PROMPT: Retype, exactly as written, every line from the one containing "Old window closed by rusty lattice" through the last line of the records below, both included; skip the pictures.

RECORDS FOR THE TASK:
########

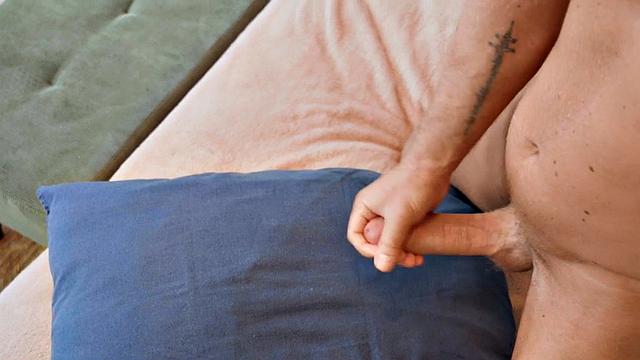 Ripped stag jerks off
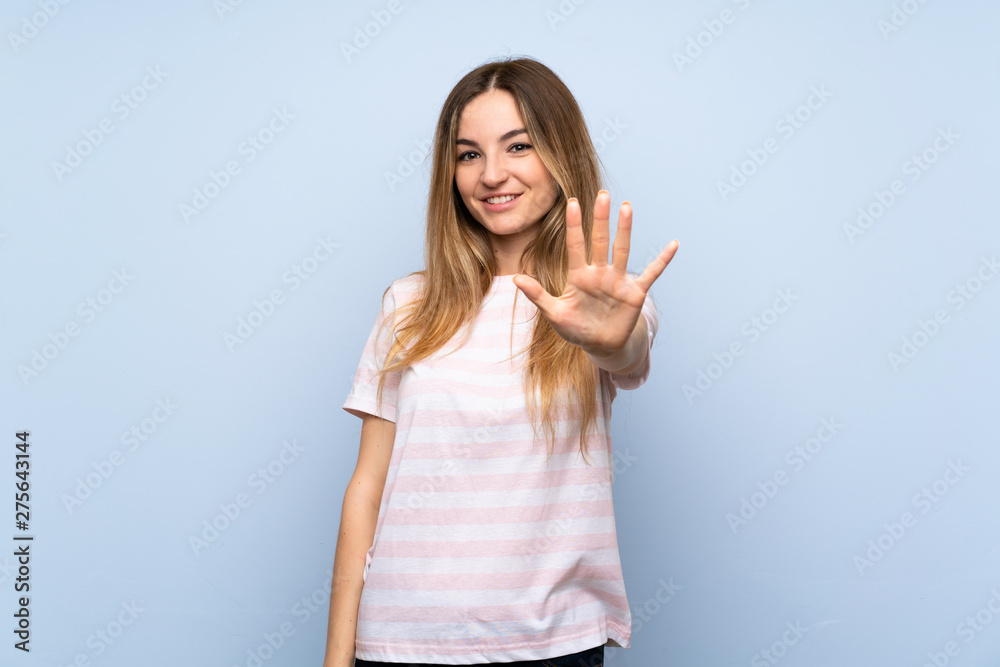 Young woman over isolated blue background counting five with fingers Young woman over isolated blue background counting five with fingers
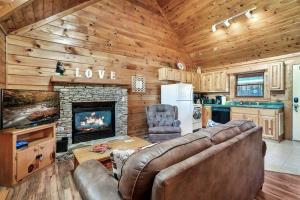 a living room with a couch and a fireplace at Dreamside Peak in Pigeon Forge
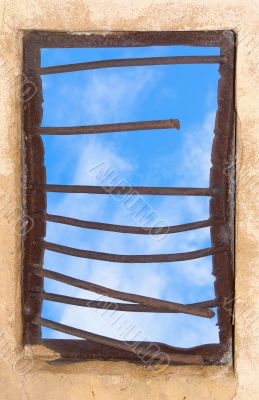 Old window closed by rusty lattice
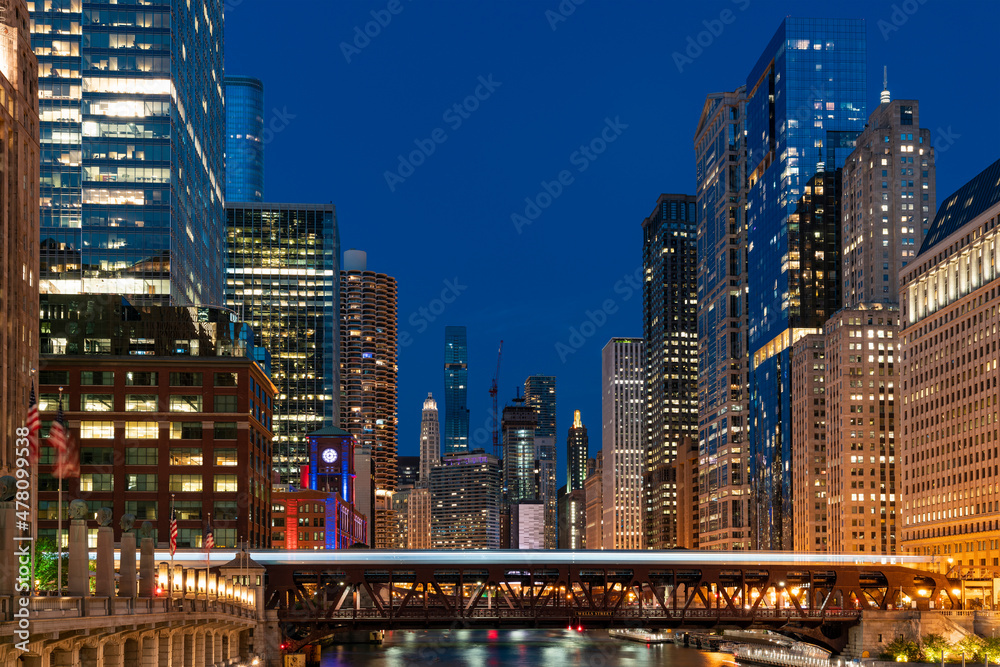 Illuminated night Panorama cityscape of Chicago downtown and River with bridges, Chicago, Illinois, USA. A vibrant business neighborhood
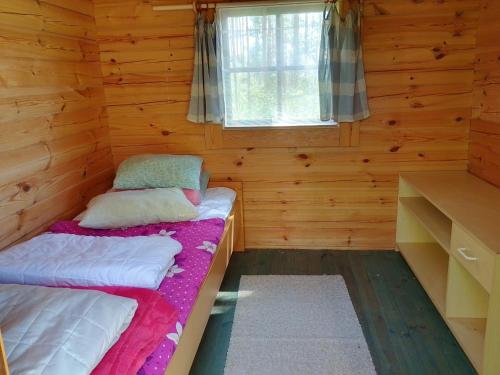 a room with two beds in a log cabin at Kalliomökki in Puumala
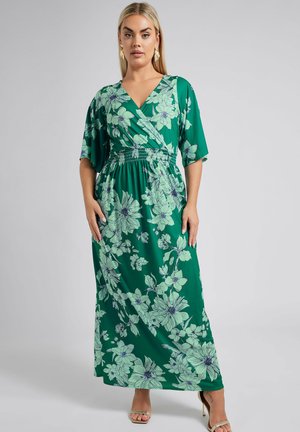 Vestido maxi de tela verde con un patrón floral en azul claro y púrpura. Presenta un escote en V, mangas cortas y una cintura fruncida.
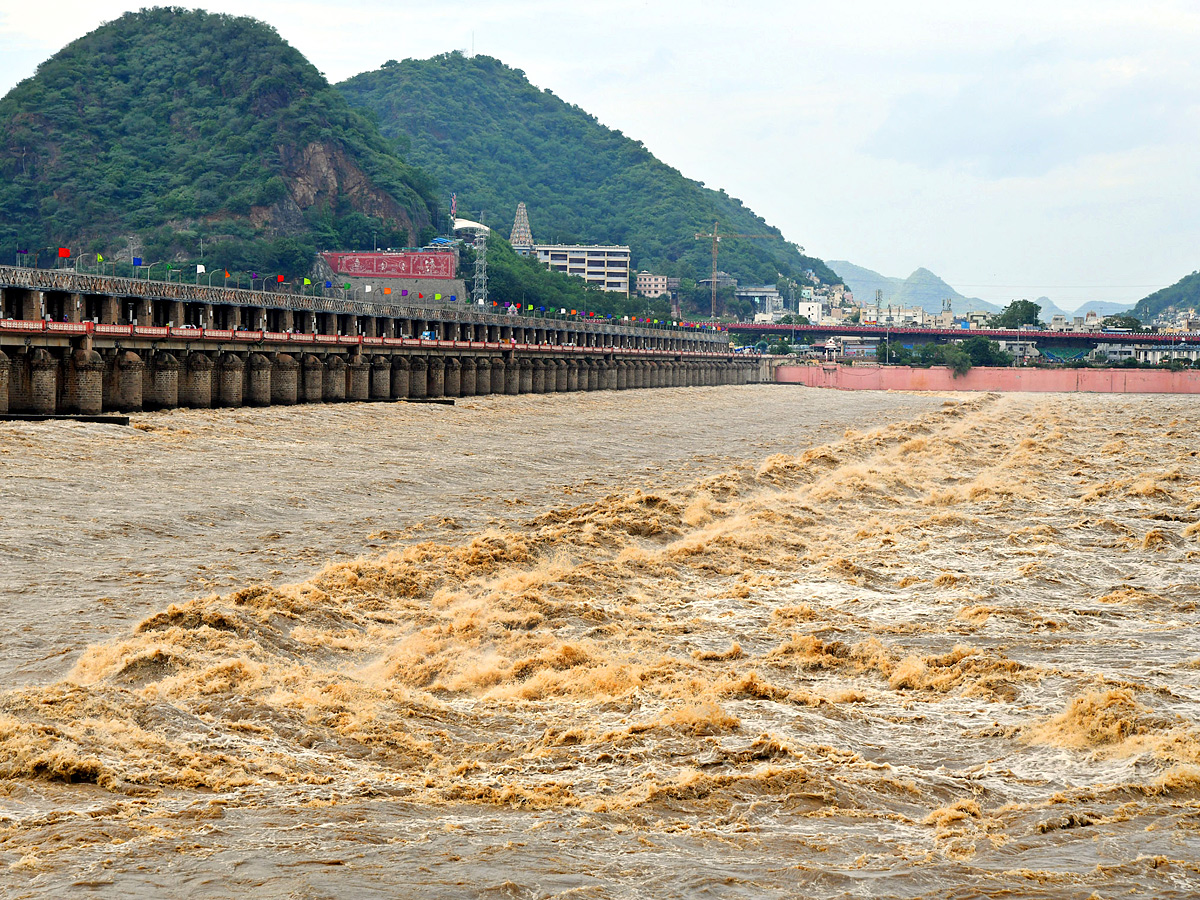 Andhra Pradesh: Huge inflows reported at Prakasam Barrage Photos - Sakshi2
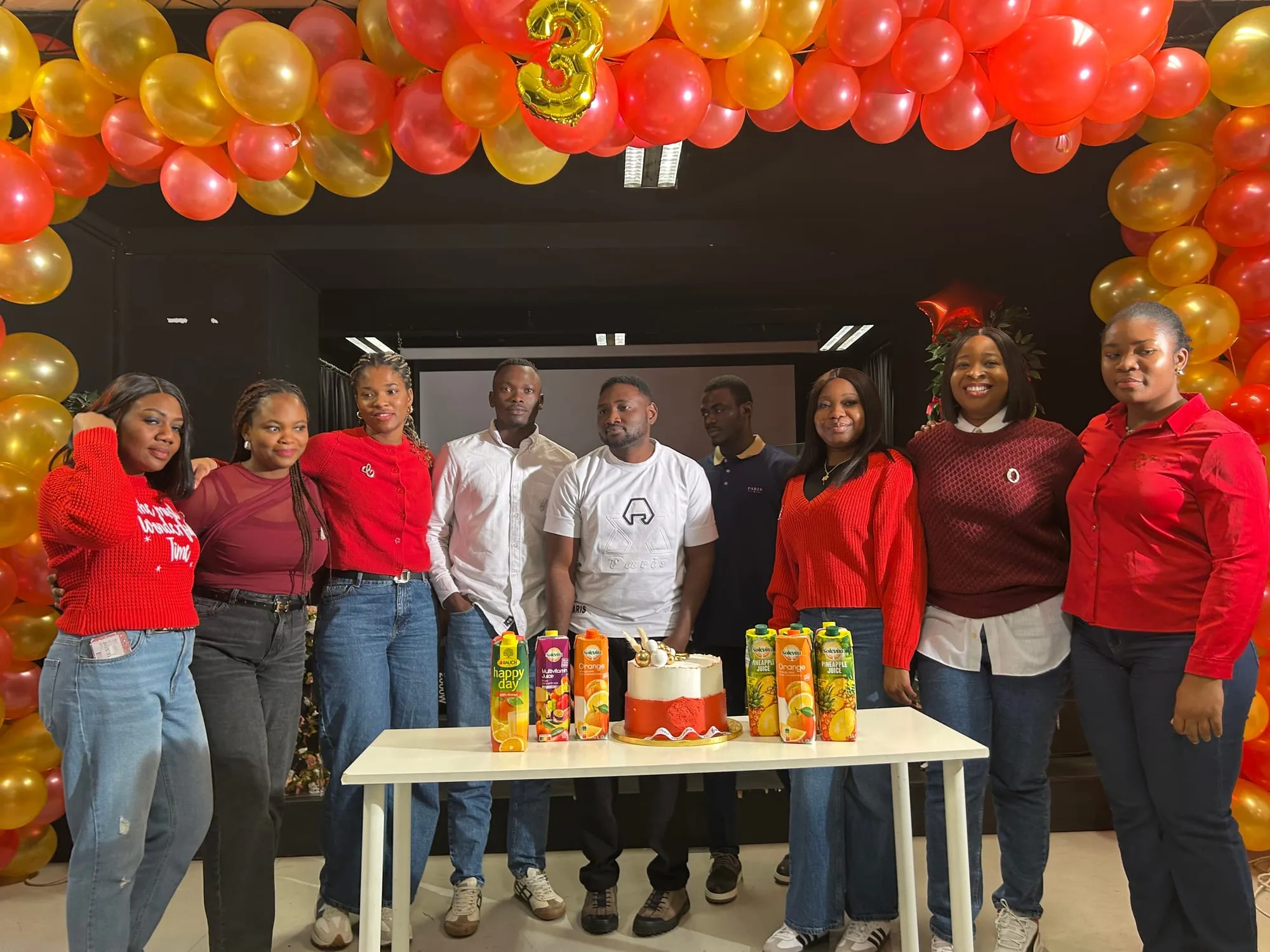 Nine young adults standing together behind a cake under a balloon arch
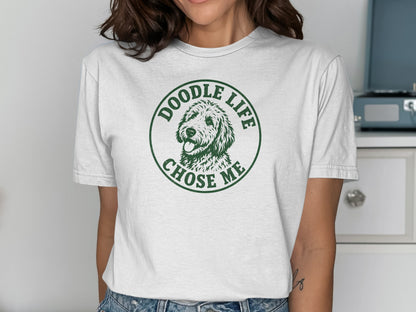 White t-shirt with green circular graphic: "Doodle Life Chose Me" above dog's head.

########

EXERCISE ANSWER:
 Old window closed by rusty lattice
 Illuminated night Panorama cityscape of Chicago downtown and River with bridges, Chicago, Illinois, USA. A vibrant business neighborhood
 a room with two beds in a log cabin at Kalliomökki in Puumala
 Vestido maxi de tela verde con un patrón floral en azul claro y púrpura. Presenta un escote en V, mangas cortas y una cintura fruncida.
 Andhra Pradesh: Huge inflows reported at Prakasam Barrage Photos - Sakshi2
 Nine young adults standing together behind a cake under a balloon arch
 White t-shirt with green circular graphic: "Doodle Life Chose Me" above dog's head.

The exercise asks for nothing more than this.